Ao contrário das demais regiões, São Paulo contou com elementos fundamentais para sua expansão diversificada e concentradora. Tinha avançadas relações capitalistas de produção, amplo mercado interno e, desde muito cedo, uma avançada agricultura mercantil, mesmo se excluído o café, além de um incipiente setor de bens de produção.
Esse método de análise “de dentro para fora” rompeu com a visão marxista vulgar do “imperialismo”, seja o externo, como o centro fosse determinante de todos os desenvolvimentos na periferia, seja o interno, como São Paulo fosse um sugador dos recursos naturais e humanos dos demais estados brasileiros. Muitos “intelectuais da província” não apreciaram essa reviravolta no olhar sobre a desigualdade regional.
Deixou claro a expansão industrial de São Paulo ter se dado pelo dinamismo de sua própria economia e não, como se poderia pensar, pela apropriação líquida de recursos provenientes da “periferia nacional”. A “periferia” perdeu o “jogo”, tanto pela sua débil integração ao comércio internacional quanto, e principalmente, por não ter desenvolvido relações capitalistas de produção mais avançadas e, por isso mesmo, não ter diversificado suficientemente sua estrutura econômica.

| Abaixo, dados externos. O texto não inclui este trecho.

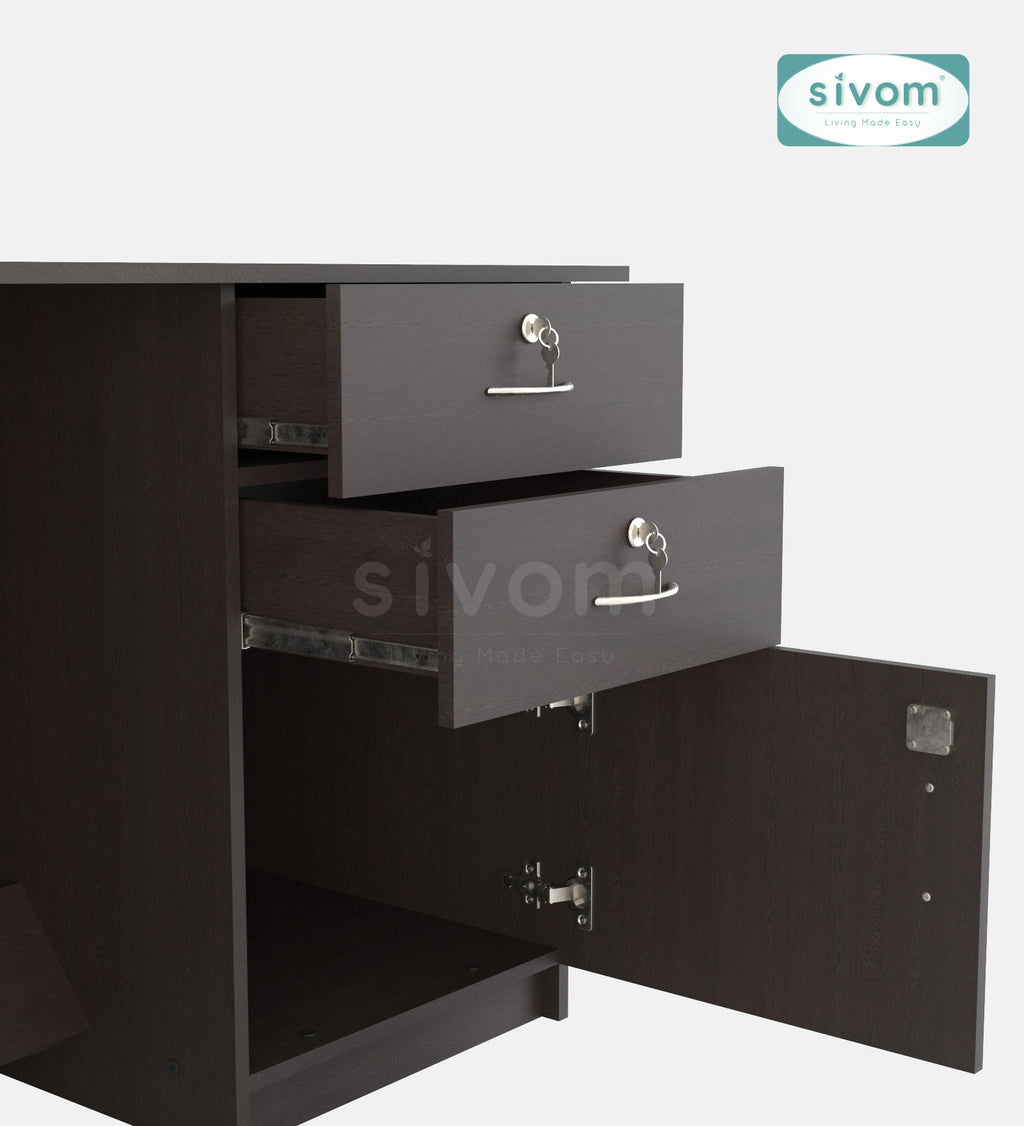 SIVOM Aurora Engineered Wood Executive Desk | Elegant Design & Premium Finish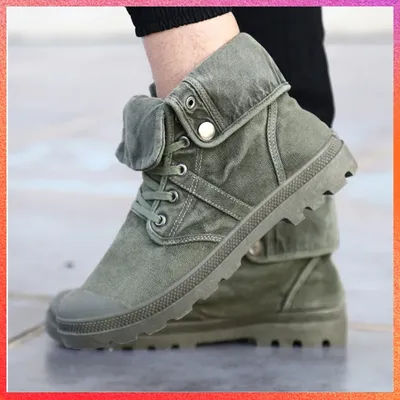 Bottes en toile vert armée pour hommes, baskets montantes déodorantes en Denim décontractées pour femmes, avec boutons de marche, 2023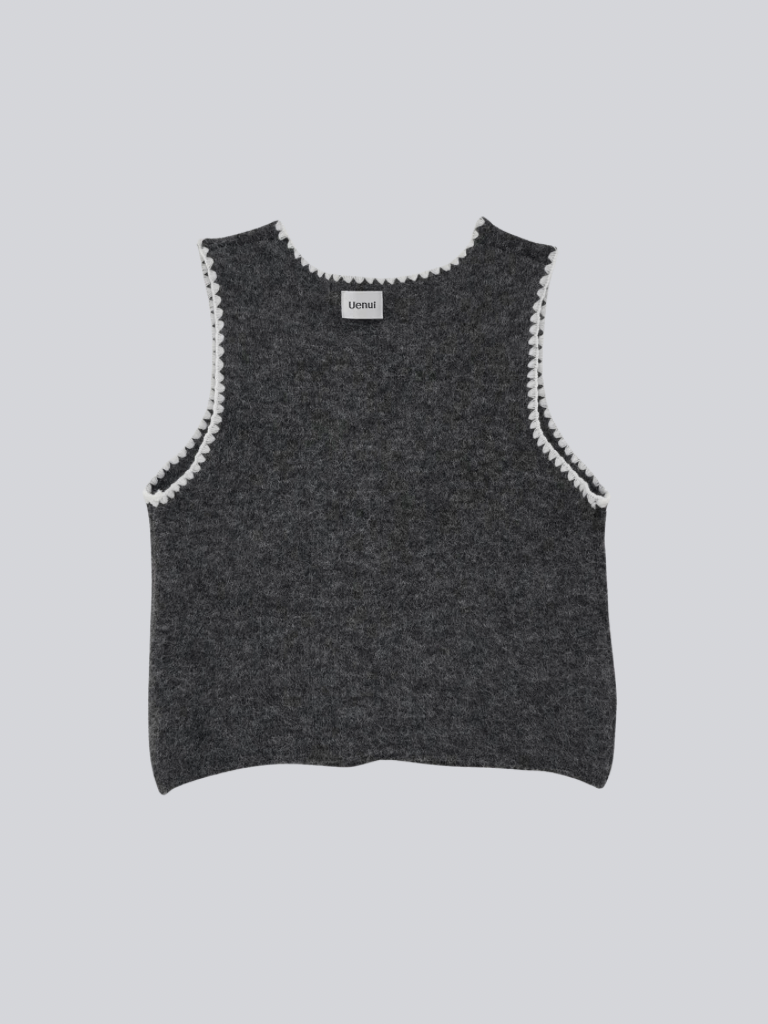 animal knit vest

Mas ele demonstrava os agentes econômicos internos, com um projeto nacional bem planejado, poderem provocar o desenvolvimento socioeconômico a partir de forças internas, embora sem qualquer ideia de autonomia absoluta. Teriam de ter iniciativas de empreendedores e apoio de um Estado nacional não submisso à potência externa.
Infelizmente, o Professor Wilson Cano morreu lamentando a Era do Neoliberalismo ter dominado “corações e mentes” de muitos colegas economistas. Houve drástica mudança qualitativa e quantitativa da formulação da política econômica e dos estudos e pesquisas, em termos gerais, setoriais e regionais, a partir de fins da década de 1980.
A crise da dívida, a inflação crescente, os muitos planos de estabilização, a guerra fiscal e o poder e o desenvolvimento local dominaram a produção intelectual. A maior parte dos economistas e dos acadêmicos abandonou suas preocupações de longo prazo, de crescimento e desenvolvimento, tornando-se “curtoprazistas”, centrando sua produção sobre o câmbio, os juros, a inflação, a região e a cidade competitiva.
A partir da década de 1990, sobressaíram, em especial, os estudos sobre finanças públicas, metas de inflação, produto potencial e equivocadas análises sobre o PIB municipal, onde pontificaram a modelagem e uma alta dose de estéril econometria. Para isso, dizia, “foram muito importantes mudanças verificadas no Estado, mormente no desenho e no estreito manejo de sua política econômica em sentido neoliberal”.
Cabe aos seus inúmeros discípulos continuar sua luta pela mudança neste estado de coisas prejudiciais ao bem-estar social no Brasil.